Zac Stanford’s script centers around the prickly relationship between Jack (Dan Fogler) and Lisa (Emma Bell), a 30-something Los Angeles couple. He’s an insecure writer, she’s a struggling actor, and they’re both on high-alert for any perceived slights about their talent. Jack is also crazed with jealousy over Lisa’s acting counterpart, Paul (Tyler James Williams), and this sets the stage for the central argument which will plunge the couple, along with a house full of uncomfortable guests, into a preposterous exercise in ferreting out the truth.

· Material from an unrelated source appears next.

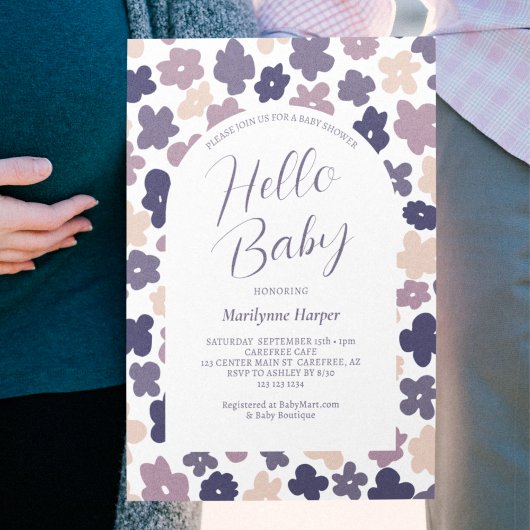 Schattige Boho Madeliefjes Baby Shower Kaart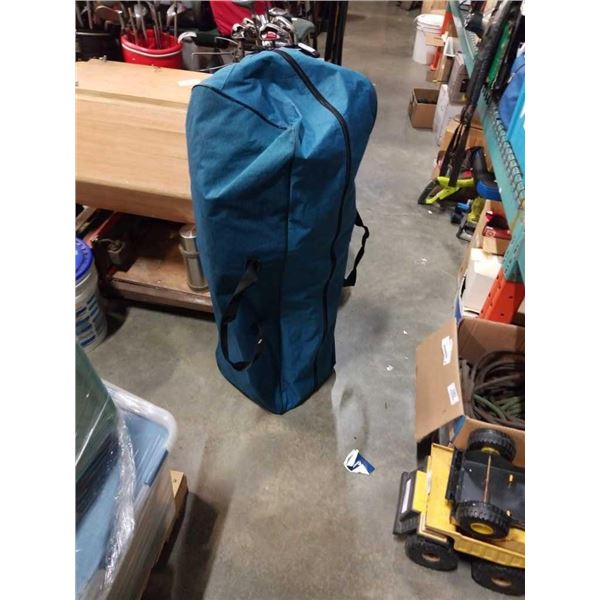 TEAL FOLDING OVERSIZED TUB ARMCHAIR WITH CARRY BAG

The set-up echoes such great dinner party films as Le Dîner de Cons and The Cook, the Thief, His Wife and Her Lover. Having gathered a small group of friends at their place after Lisa’s theatrical debut, Jack strives to create the conditions for a public and romantic marriage proposal. However, the unexpected appearance of Paul, his rival, puts the plan in jeopardy. It quickly becomes clear that Jack and Lisa aren’t the only characters consumed with their own neuroses. This is Los Angeles, after all, and everyone has a quirk.

The ensemble cast plays off one another well, with zipping outbursts and side conversations thrusting individual insecurities into the spotlight. Danny Pudi is a welcome presence, playing a calmer version of his detached weirdo character from the brilliant sit-com “Community.” As Jack’s literary agent, he seems to delight in watching the party devolve purely for entertainment value. His partner, Sarah (Maggie Q), seethes with contempt for the bickering antics of the others. Waiting for her to explode is one of the sly pleasures of the film. Paul and Trina (Cleopatra Coleman) are stewing in their own jealousy issues. The evening ends in disaster, with Jack spiking a freshly-baked pie into the floor and stomping off. It was not an evening anyone would want to revisit.

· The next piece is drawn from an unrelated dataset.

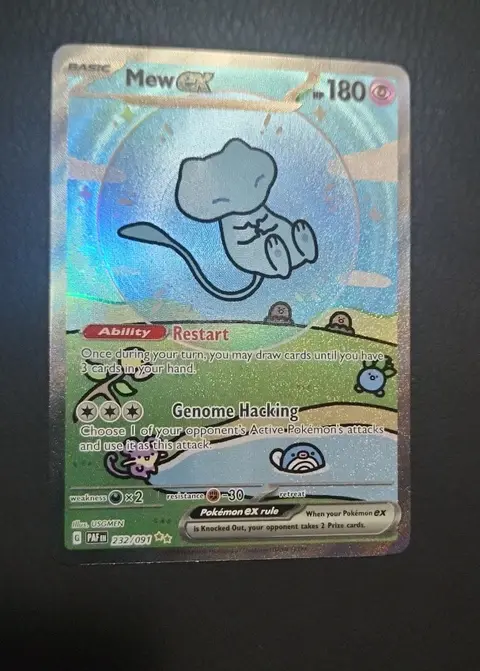 Mew ex card, TCGAI Score 7.0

And yet Jack and Lisa have other ideas. Schwartzman keeps the story chugging along as the couple vows to recreate the evening in order to set things right. That no sane person would agree to return to the scene of the disastrous dinner party doesn’t seem to deter anyone, and yet the very same couples gather the next night–driven, it seems, by their own need to fix things. They proceed to re-enact the half-remembered dialogue and awkward interactions of the night before, inevitably making the same mistakes, compounded with fresh ones. The film gradually accelerates to montage speed, and risks losing its snap, but a fresh angle in the third act shifts the focus and introduces new dimensions of possibility.

The flawed characters are forced to confront their own selves, and that shifts the dynamics. There are some genuinely hilarious moments when hidden truths burst into view, particularly when Paul’s doppelgänger reveals his true self. It’s refreshing that the filmmakers end up treating these neurotic and self-defeating characters with a generous spirit, which inspires the viewer to identify with rather than disdain them. This is no existential time loop like that of Groundhog Day; rather, it’s a riff on the power of self-reflection. Would you want to go to a dinner party with yourself?

A charming comedy that comes close to going off the rails before saving itself.